In 2009, Bowe Bergdahl abandoned his post and was captured by the Taliban in Afghanistan. (Remember the Taliban? They were the ones who aided and abetted al Qaida in the 9/11 attacks.) In 2014, President Barack Obama negotiated with these terrorists and ultimately released five dangerous terrorists from Gitmo in return for Bergdahl’s release.
During his campaign last year, Trump called Bergdahl “a no-good traitor who should have been executed.” Then, just two weeks ago, during a presidential press conference in the White House Rose Garden, Trump doubled down on that statement. A reporter asked whether the president thought his prior comments had hurt Bergdahl’s ability to receive a fair trial. Trump said he could not comment, and then added, “But I think people have heard my comments in the past.”
After Bergdahl pleaded guilty to desertion, his attorneys made the obvious motion to spare him any jail time because Trump’s public comments, coming from the commander-in-chief of the U.S. armed forces, necessarily had undue influence on the proceedings and deprived Bergdahl of his due process rights. The military judge denied that motion but said that he would take Trump’s “disturbing” comments into consideration when deciding Bergdahl’s sentence.
In other words, Bergdahl is likely to get a lighter sentence than he otherwise would have received because of Donald Trump’s big mouth.
One of two things has to be true:
- Trump is not aware that his comments as president on an active criminal investigation or prosecution necessarily will influence those proceedings, in which case he is an idiot; or
- Trump knows that his comments will have undue influence on those criminal proceedings but can’t restrain himself from making them anyway, in which case he is a moron.
Either way, Trump has made one thing clear: Traitors and terrorists can count on him to save them from the full consequences of their actions.
NOTE: After posting this column, several readers pointed out occasions where President Obama also made inappropriate public comments about pending criminal investigations. They make a valid point, and I have modified my earlier statement that “every” former president refrained from doing so and added the word “almost.” I do draw one distinction, though: Obama’s public comments influenced those criminal proceedings in the direction that he supported. Trump’s are influencing such proceedings in the direction he opposes.
Author: Ken Falkenstein
Ken Falkenstein is the Managing Editor of Committed Conservative and brings a wealth of experience and expertise in public affairs to the job. Ken served in the U.S. Army in the last years of the Cold War as a Russian linguist for military intelligence and the NSA. After leaving the Army, he earned his degree in Secondary Education from Old Dominion University, where he also wrote a popular column in the student newspaper.
Upon graduation, Ken worked as a Legislative Aide to two Republican members of the Virginia House of Delegates.
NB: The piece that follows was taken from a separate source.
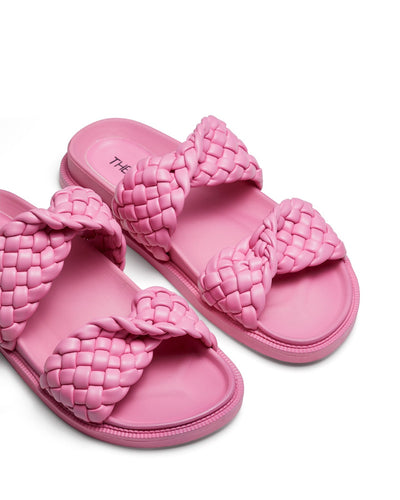 Therapy Shoes Evil Pink | Women's Sandals | Slides | Flats | Woven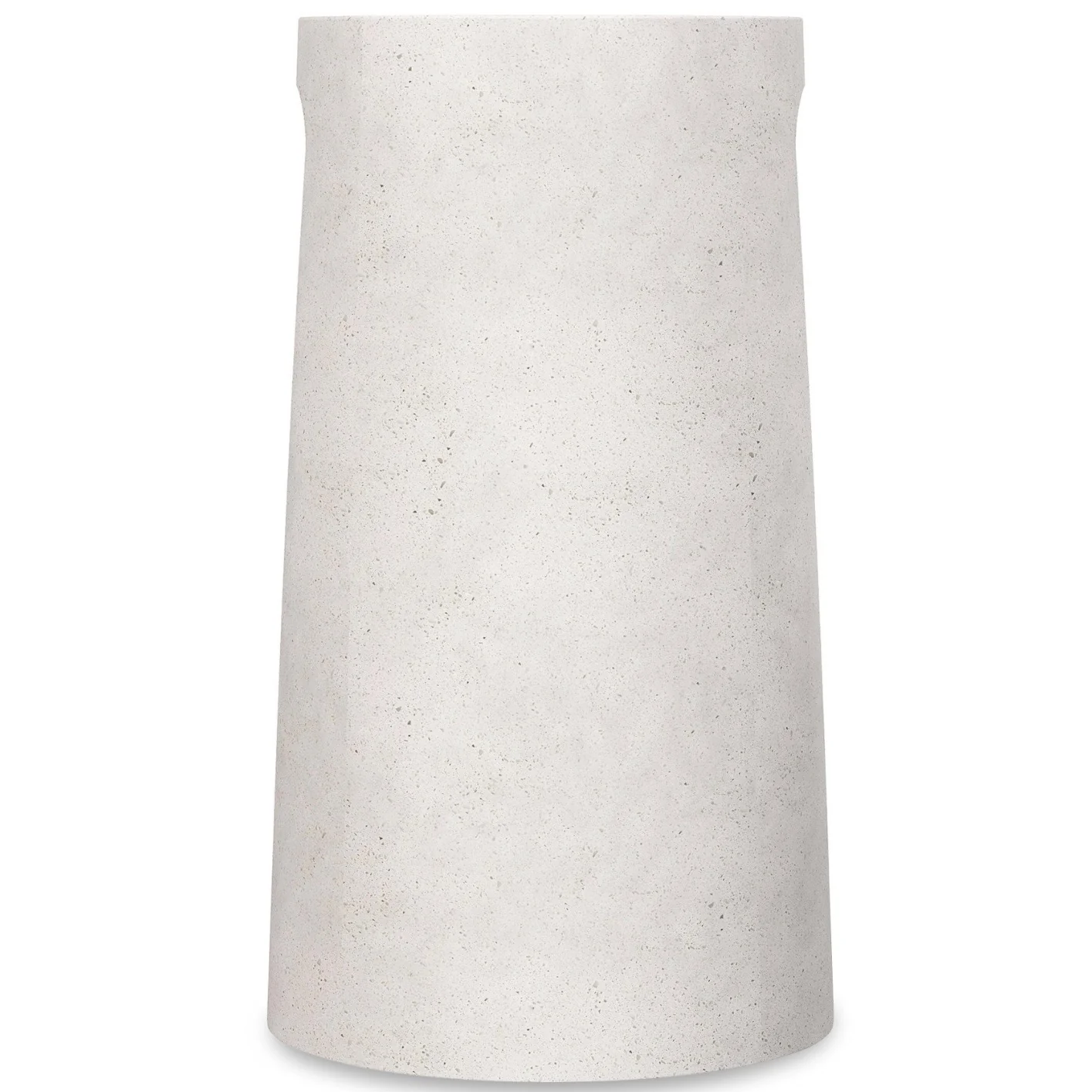 Bernhardt Prado Collection Glass-Reinforced Concrete With Tawny Wood Top Console Table - Image 4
Ken also served as Corresponding Secretary of the Young Republican Federation of Virginia, managed several successful political campaigns, and managed governmental affairs operations for a local Realtor association.
In 1995, Ken moved to Washington, DC to serve as a Legislative Assistant to Sen. John Warner (R-VA). While working for Sen. Warner, Ken attended law school at night, earning his J.D. with honors from the George Mason University School of Law (n/k/a The Antonin Scalia Law School). Since that time, Ken has practiced as a civil litigation attorney, including serving for three years as an Associate City Attorney for the City of Virginia Beach, Virginia.
Ken previously was a contributor to the highly-regarded political blog Bearing Drift and was a weekly co-host of The Steve Batton Radio Program. In 2016, Ken ran unsuccessfully for the Virginia Beach School Board. Ken is also a former President of the Down Syndrome Association of Hampton Roads.
Ken now lives outside of Denver, Colorado with his wife, Kim, and three sons, Adam, Dylan, and Joshua, who has Down syndrome. Ken’s writing is motivated and informed primarily by his concern for his kids’ future.